The information contained in this website is not a substitute for medical advice or treatment, and TICR recommends consultation with your doctor or other health care professional if you have worries about your cardiovascular health.

Heart Failure

Your heart serves as an important organ that pumps blood to meet your body’s demand for blood and oxygen. Heart failure occurs when your heart muscle does not pump blood as well as it should.

What causes heart failure?

In Scotland, most heart failure cases are due to either narrowed arteries in your heart (coronary artery disease) or high blood pressure that may cause your heart to become stiff to fill and pump efficiently. Other potential causes include heart valve problems as well as an irregular heart rhythm.

Symptoms of heart failure

The common symptoms of heart failure are shortness of breath, tiredness and swollen ankles. Symptoms may only become noticeable when doing something active but can progress to being noticeable even at rest.
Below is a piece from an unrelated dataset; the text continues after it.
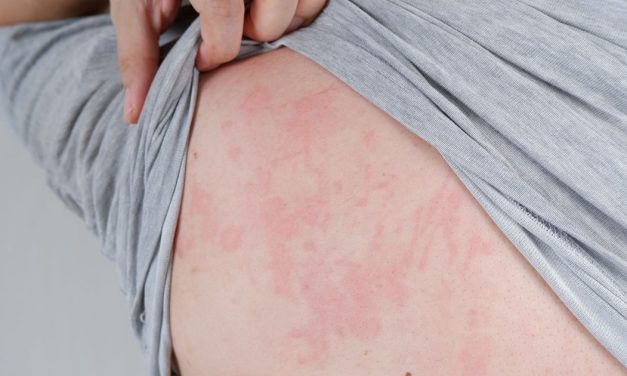 Šuga se širi po Crnoj Gori: Najviše obolelih u Podgorici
Diagnosis of heart failure will involve asking about the above symptoms and examination of the heart, lungs and legs (for swelling). Tests to help with the diagnosis include a chest X Ray, an echocardiogram (ultrasound of the heart), blood tests and maybe an MRI.


It is unlikely for heart failure to be completely cured; it can depend on the reason for it occurring in the first place.

Heart failure treatment requires careful lifestyle modification (such as restriction of salt and sometimes water intake), monitoring of weight, taking the right drugs (such as ACE inhibitors, beta-blockers, spironolactone, ivabradine and entresto) and prompt reporting of any changes in your symptoms. Exercise (sometimes involving cardiac rehabilitation) can also help with your heart failure.  All this can improve your quality of life and help make you live longer.